Aim of the task: Output the lines from the one holding "Sir David Balaton" to the end of the entries that follow, exactly and only those, minus any pictures.

┄┄┄┄┄┄┄┄┄┄

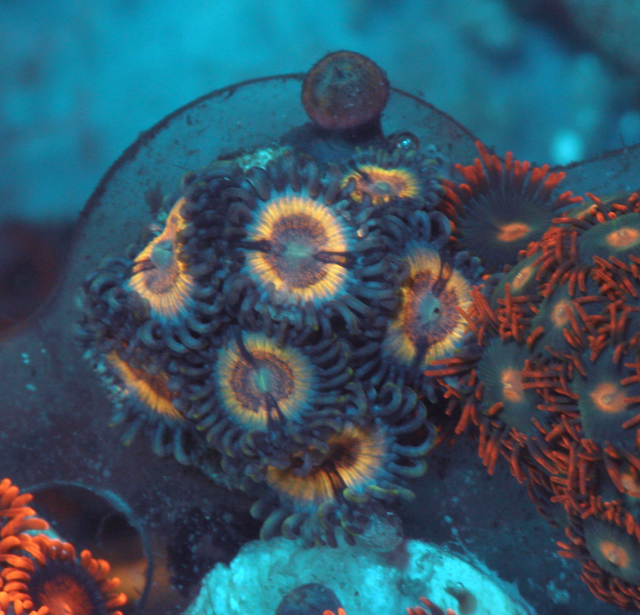 Sonic Flare Vamp Zoanthids Zoas Coral Reef Aquarium 3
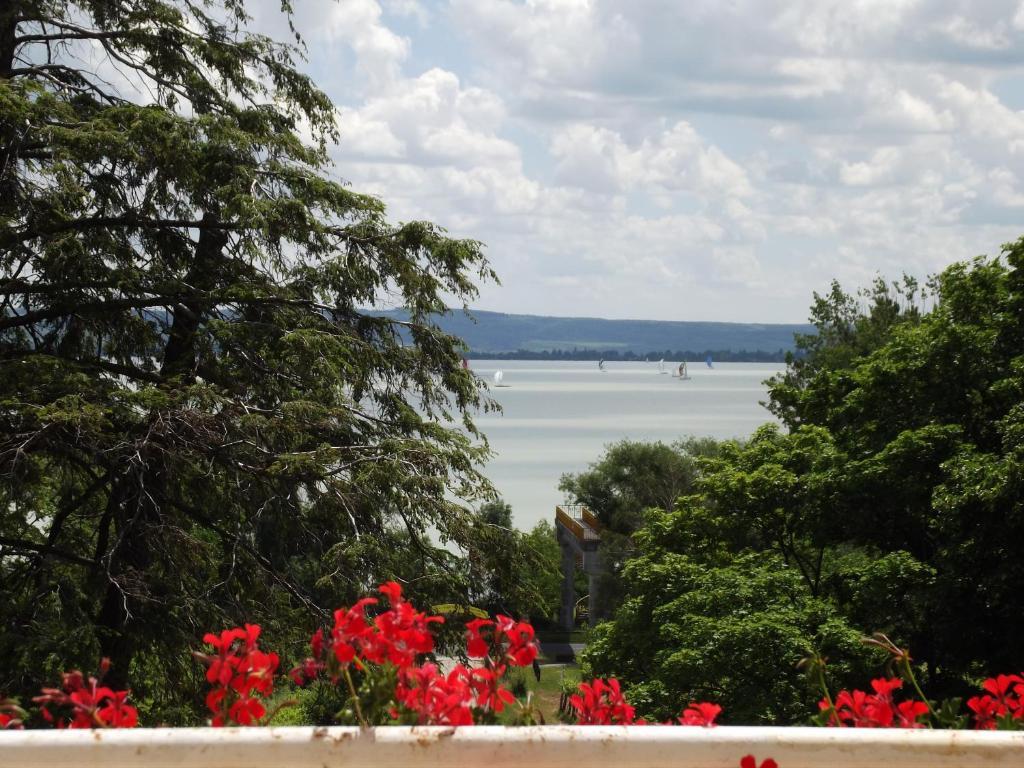 Sir David Balaton Castle Apartmanok Balatonszepezd Exterior photo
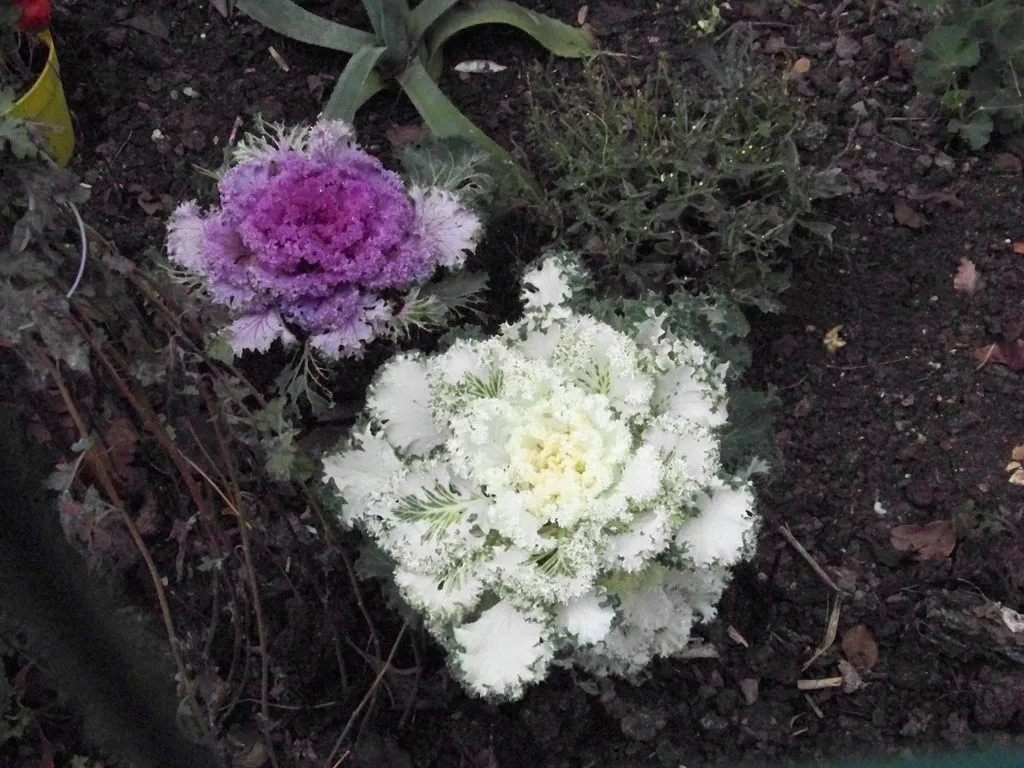 Чайная беседка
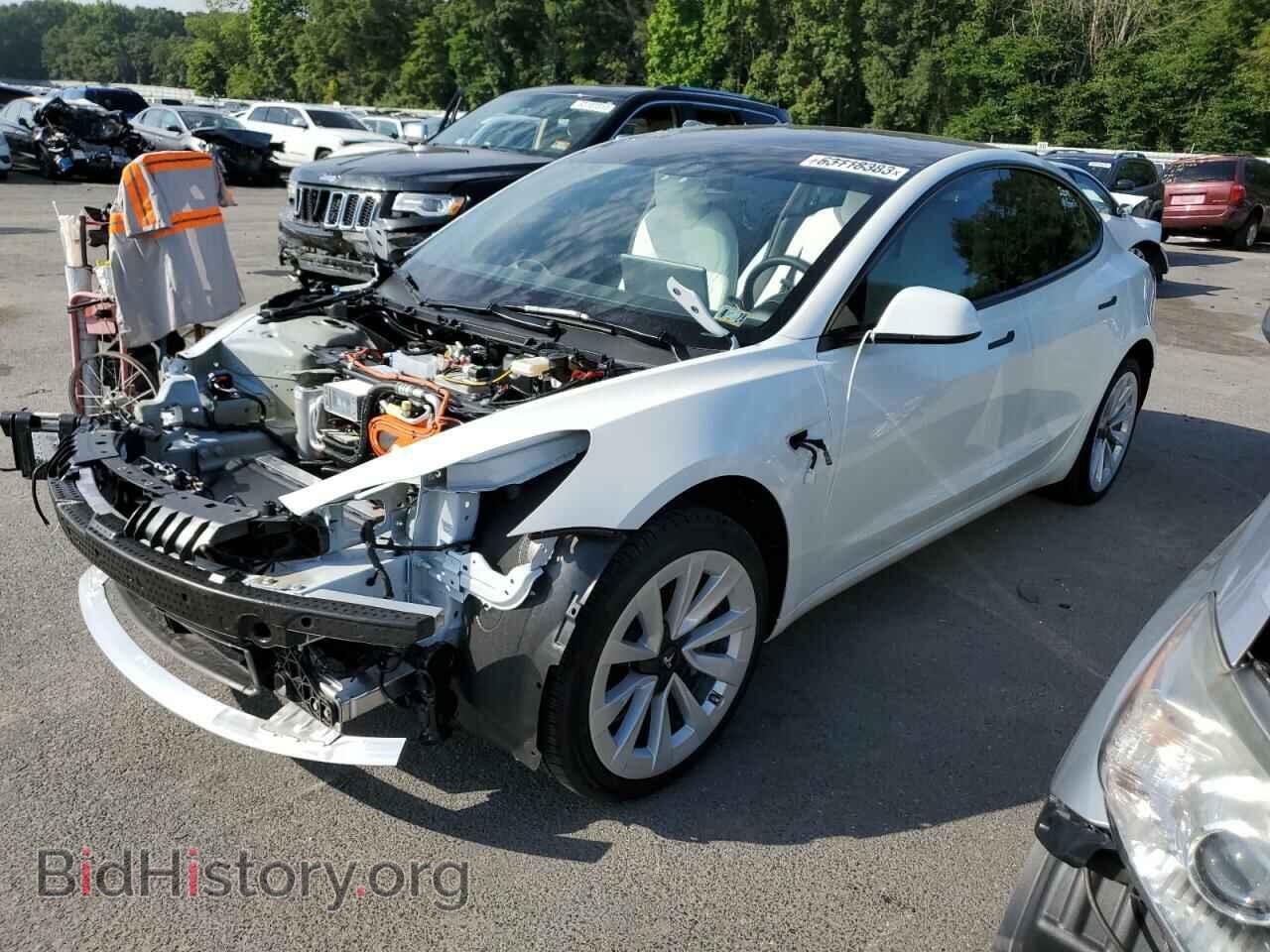 Photo 5YJ3E1EA1PF511492 - TESLA MODEL 3 2023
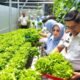 Kepala Lapas Kelas IIA Gorontalo Junaidi Rison saat melaksanakan panen perdana hasil budidaya tanaman di greenhouse Lapas Kelas IIA Gorontalo/Hibata.id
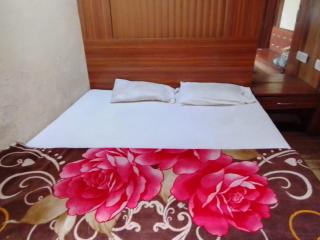 Hotel shree - 0
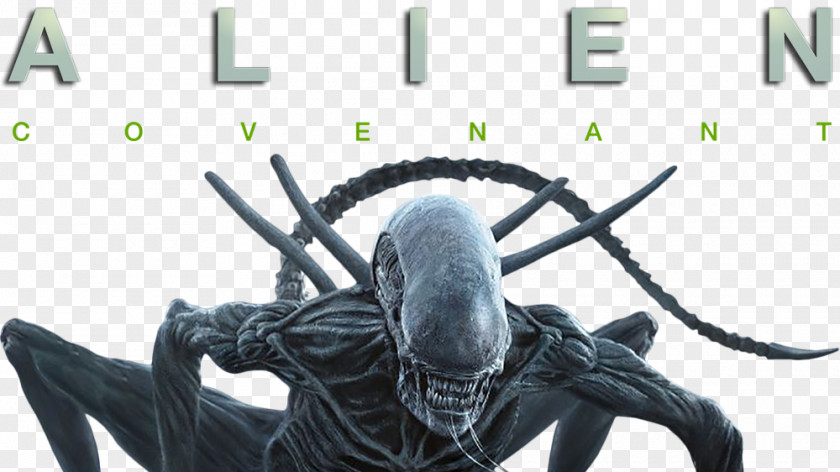 Alien Covenant Ultra HD Blu-ray Disc Digital Copy 4K Resolution Ultra-high-definition Television PNG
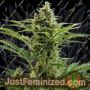 Vesta by Buddha Seeds Cannabis Seeds For Sale at Just Feminized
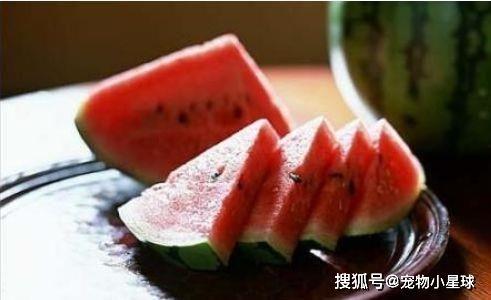 吃瓜老蒯,揭秘娱乐圈那些不为人知的幕后故事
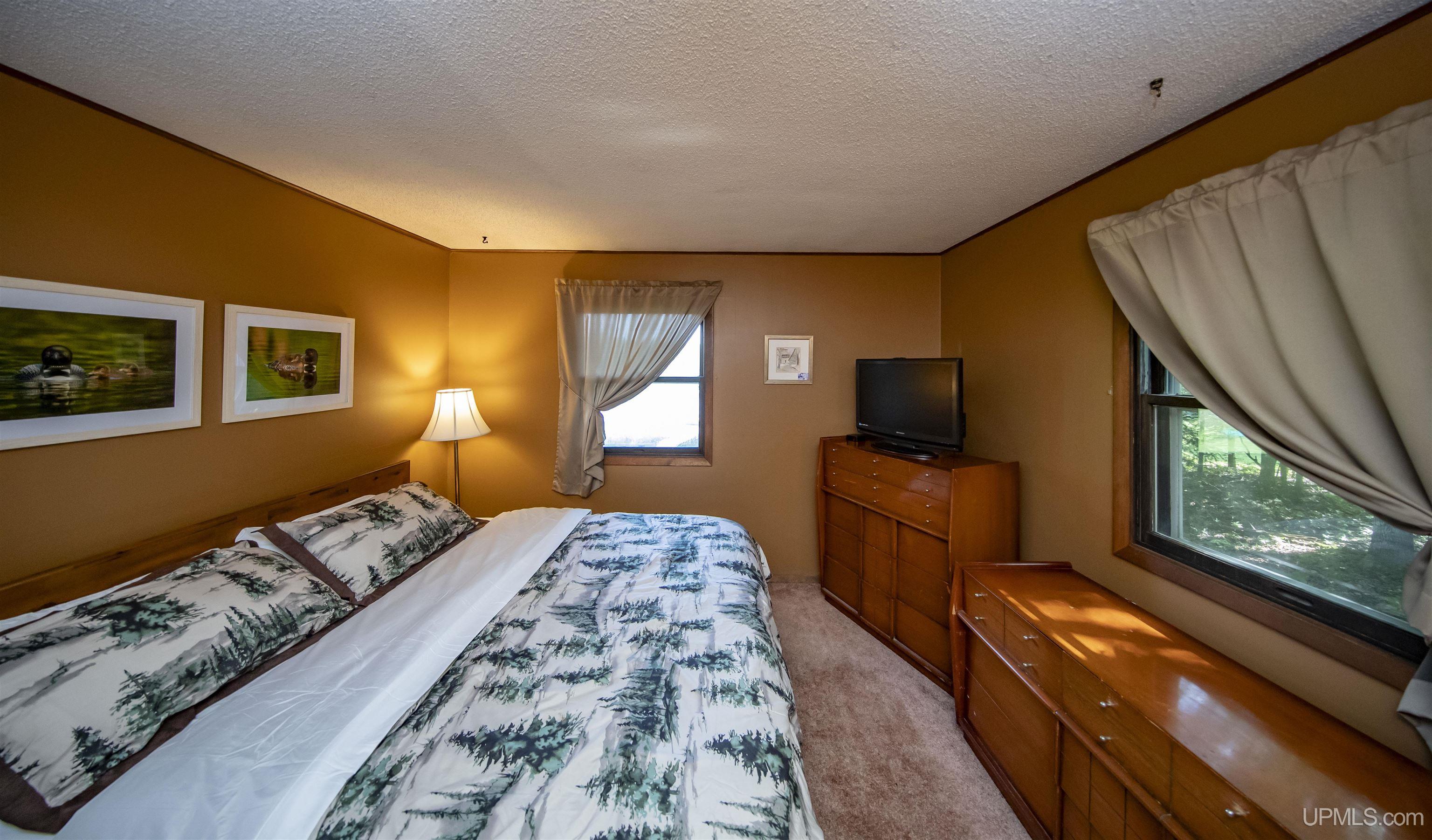 161 Camp Lake Road Iron River, MI 49935 - Photo 47 of 82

┄┄┄┄┄┄┄┄┄┄

Response to this task:
 Sir David Balaton Castle Apartmanok Balatonszepezd Exterior photo
 Чайная беседка
 Photo 5YJ3E1EA1PF511492 - TESLA MODEL 3 2023
 Kepala Lapas Kelas IIA Gorontalo Junaidi Rison saat melaksanakan panen perdana hasil budidaya tanaman di greenhouse Lapas Kelas IIA Gorontalo/Hibata.id
 Hotel shree - 0
 Alien Covenant Ultra HD Blu-ray Disc Digital Copy 4K Resolution Ultra-high-definition Television PNG
 Vesta by Buddha Seeds Cannabis Seeds For Sale at Just Feminized
 吃瓜老蒯,揭秘娱乐圈那些不为人知的幕后故事
 161 Camp Lake Road Iron River, MI 49935 - Photo 47 of 82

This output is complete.